Sekali lagi mengapa mereka tidak mau berguru kepada Tuhan? Kurang apa kekuasaan Allah? Mengapa Allah tidak otoriter saja, dan mengapa harus berfirman dengan nada puitis? Mengapa tidak saja langsung mengancam: “aku larang keras manusia berzina”, tapi mengapa harus dengan nada mesra “jangan dekati zina”, misalnya? Bukankah Allah memiliki kebebasan mutlak untuk memerintahkan apa saja? Bukankah Allah juga bisa otoriter sehingga yang tidak taat langsung saja dihukum di dunia? Sekali lagi Allah tidak melakukan-Nya. Allah memilih untuk bermesra-mesraan dengan makhluk ciptaan-Nya, dengan jalan “berpuisi-ria” dengan segala firman-Nya.

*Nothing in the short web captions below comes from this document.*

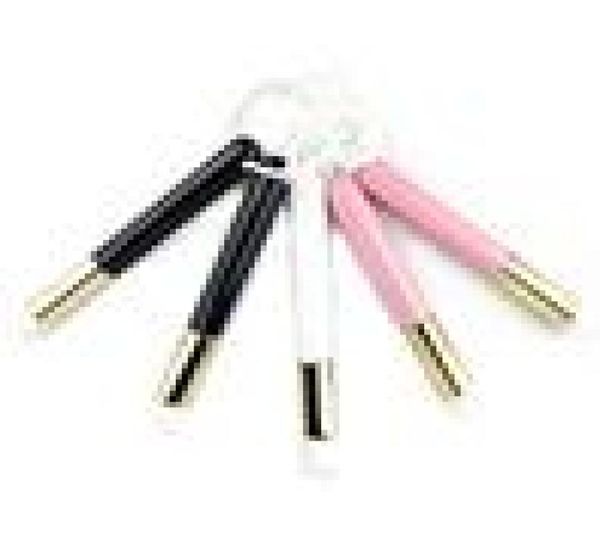 

20 pcslot lady face removal white black pink cleasning nose brush soft brush for eyelash foam lash cleans brush by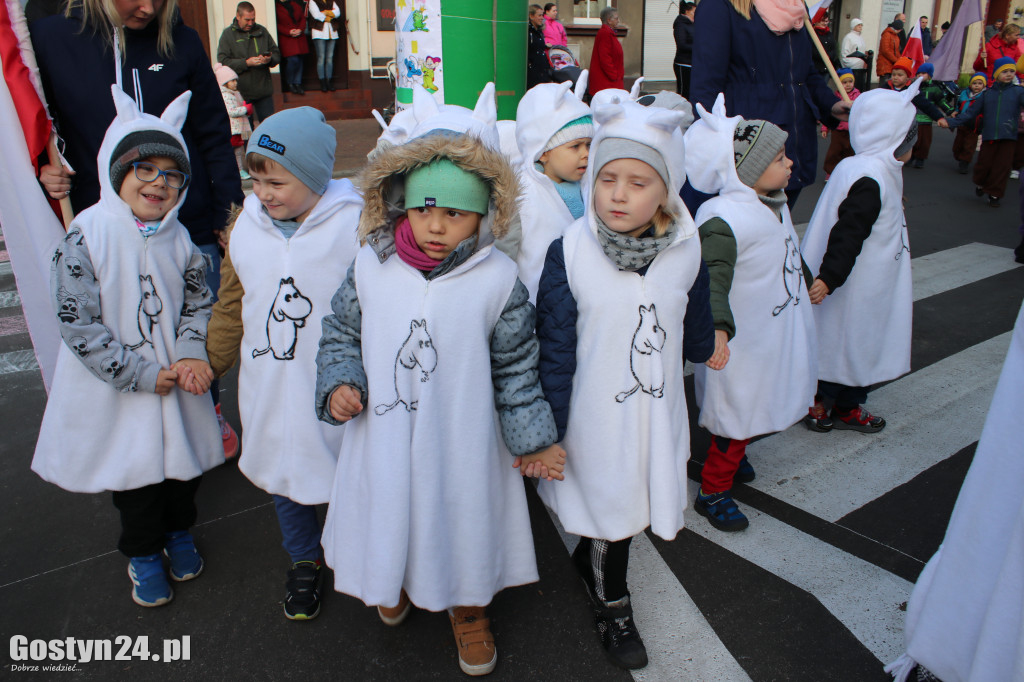 Bieg Niepodległości w Poniecu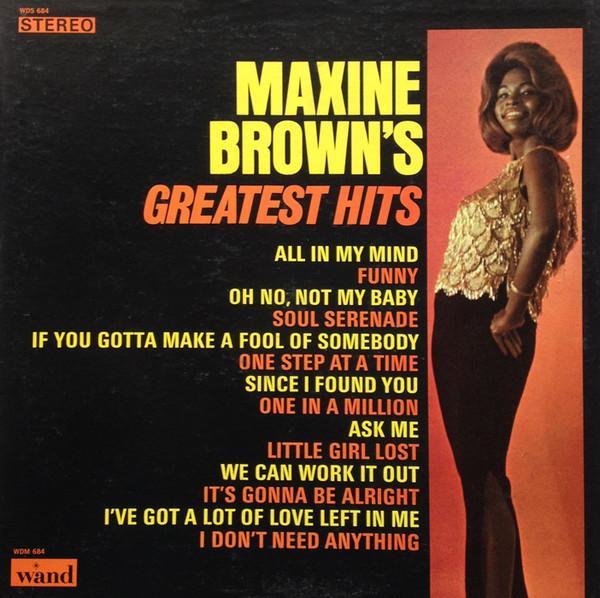 Maxine Brown - Maxine Brown's Greatest Hits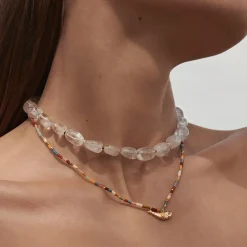 MERMAID TEARS NECKLACE | FORGYLDT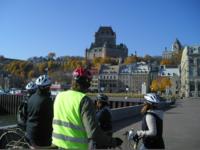 Visite historique de la Basse-Ville de Québec en vélo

Allah sangat “paham” berapa “takaran” yang pas, dimana ayat-ayat itu diturunkan. Allah juga paham bagaimana bentuk kemesraan-Nya jika berhadapan dengan model watak kaum tertentu. Allah juga sangat paham kapan dan di mana ayat-ayat diturunkan, sehingga ayat-ayat itu harus bernada puitis dan pendek, serta di lain pihak juga sangat tahu kapan kemesraaan-Nya harus disampaikan dengan nada-nada “ancaman”, misalnya?

Kalau Allah saja “maha seniman”, mengapa manusia tidak meniru ajaran-Nya ini? Mengapa dalam memanajemen negara (misalnya), malahan amburadul, sudah caranya disampaikan tidak saja buruk, namun juga tidak benar plus tidak indah.

Betapa meruginya manusia yang tidak bisa mengekspresikan kekhalifahannya dalam takaran keseimbangan: baik, benar, dan indah, serta tidak tahu bagaimana kapan harus menggunakan akal, kapan harus hati, dan kapan memadukan keduanya untuk menekan syahwatnya (baca: nafsu dalam berbagai bidang kehidupan).